Следовательно, у больного М. в результате проведенного лечебного комплекса, не включающего иммунокоррекцию изобретением, не наступало эффективного повышения иммунологической реактивности организма. Сохранялся дефицит Т-звена иммунитета, не увеличивалось количество HLA-DR-позитивных моноцитов и не полностью восстанавливалась функциональная активность нейтрофилов по сравнению с данными, полученными у больных Г. и К., у которых в комплексное лечение была включена иммунокорригирующая терапия аутологичной сывороткой, активированной зимозаном.

Послеоперационный период у больного М. протекал тяжело. Температура тела нормализовалась только на 12 сут после операции. Послеоперационный период осложнился правосторонней нижнедолевой пневмонией, нагноением послеоперационной раны. В стационаре больным М. проведено 27 койко-дней.

Таким образом, приведенные клинические примеры показывают, что включение в комплексное лечение больных перитонитом предлагаемого способа иммунокоррекции позволяет эффективно повысить иммунологическую реактивность организма и достичь более полного выздоровления больных.

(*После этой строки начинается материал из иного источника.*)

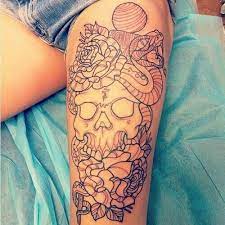 Love This Traditional Skull Snake And Flower Tattoo Girl Thigh Tattoos Thigh Tattoo Traditional Tattoo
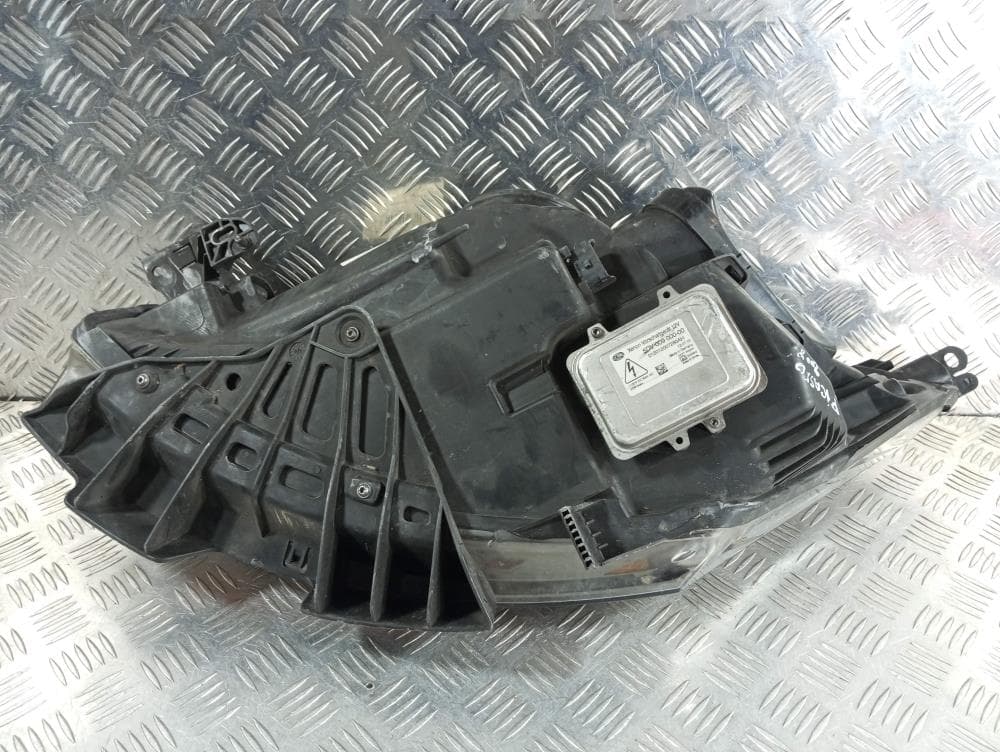 Фара правая к Citroen C4 Picasso 1 (06-13)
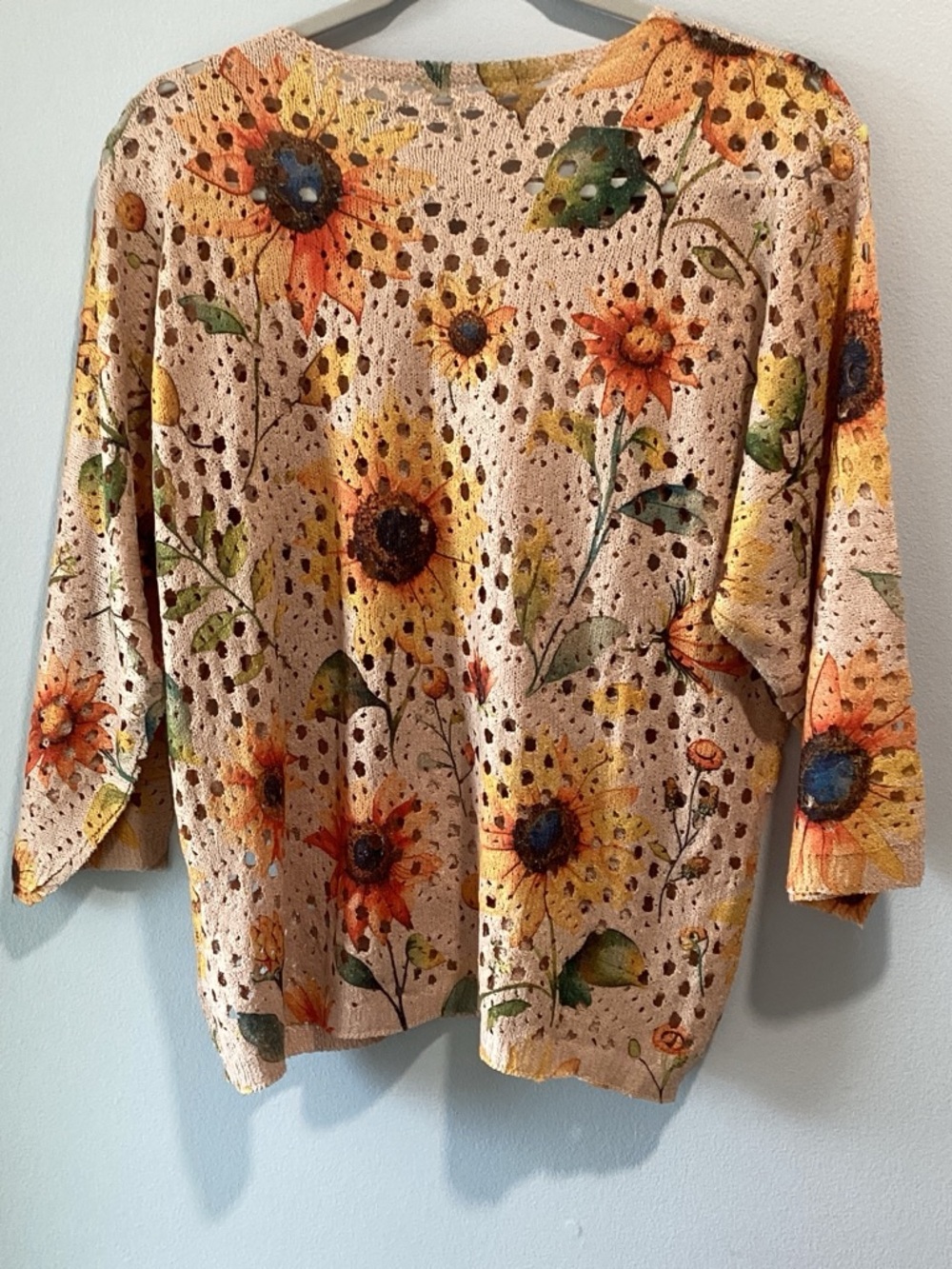 Source Unknown Beige Knit Top with Yellow & Orange Sunflower Print - Picture 3 of 3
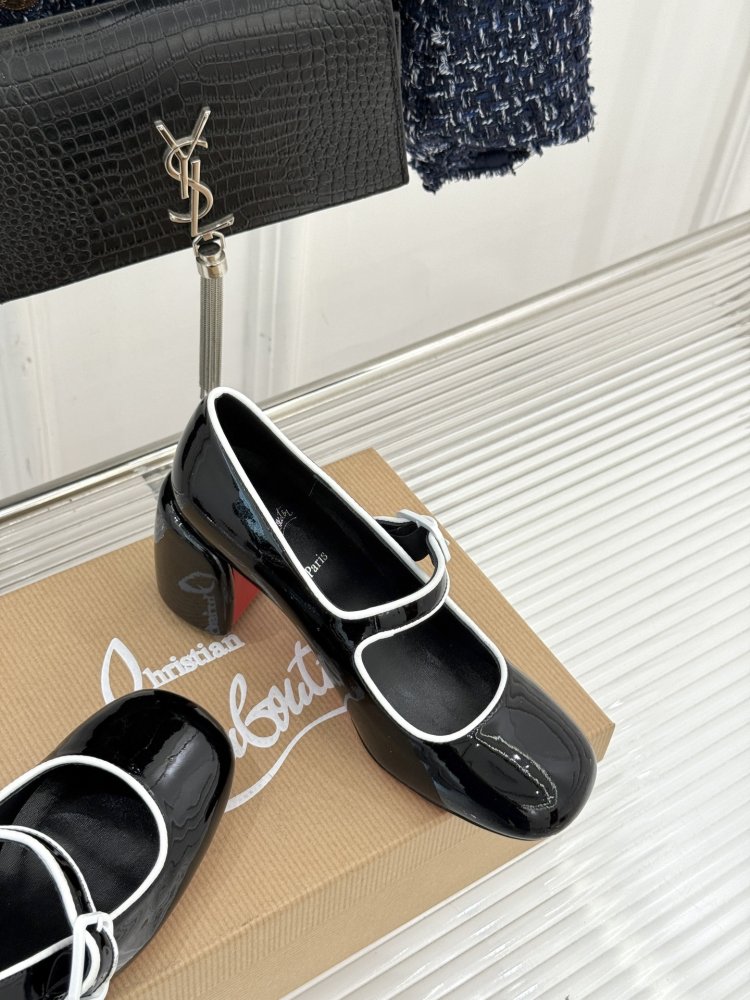 Туфли женские фото 5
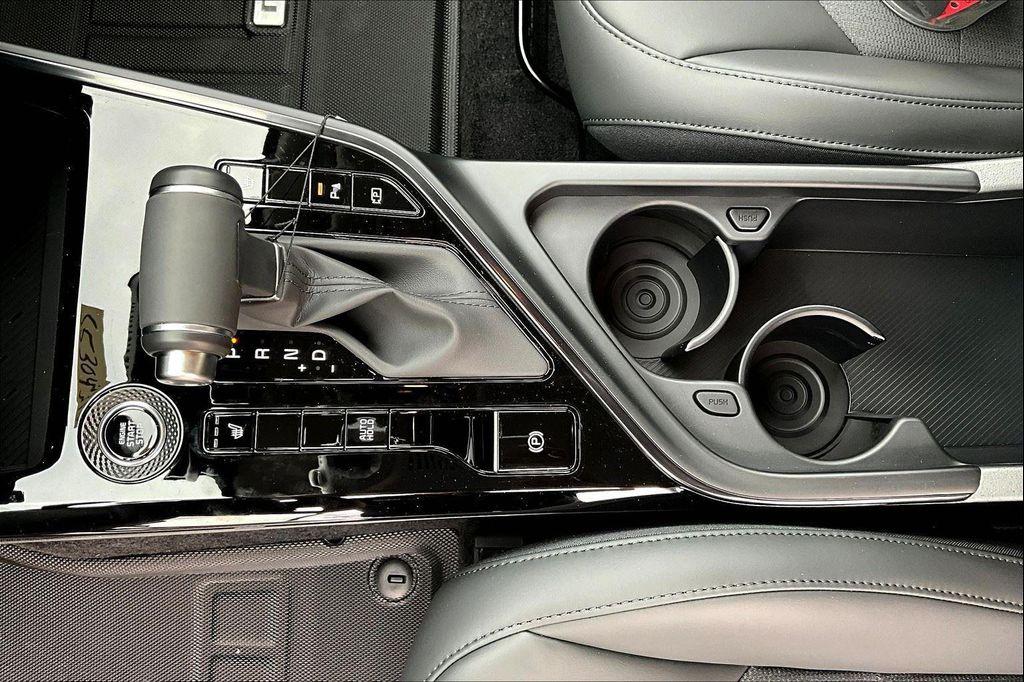 new 2025 Kia Niro car, priced at $31,755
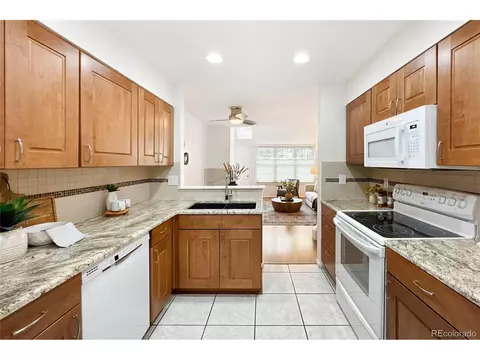 7370 E Florida Ave #1010, Denver, CO 80231 photo 13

Преимуществом предлагаемого способа является:

впервые в качестве иммунокоррегирующего средства при перитоните применена аутологичная сыворотка крови больных;

впервые предлагается для повышения иммунотропных свойств аутологичной сыворотки крови больных перитонитом и иммунологической реактивности организма обрабатывать сыворотку зимозаном, после чего ее вводить больным внутрикожно;

предлагаемый способ иммунокоррекции в комплексе с другими способами лечения позволяет достичь более эффективного выздоровления больных перитонитом.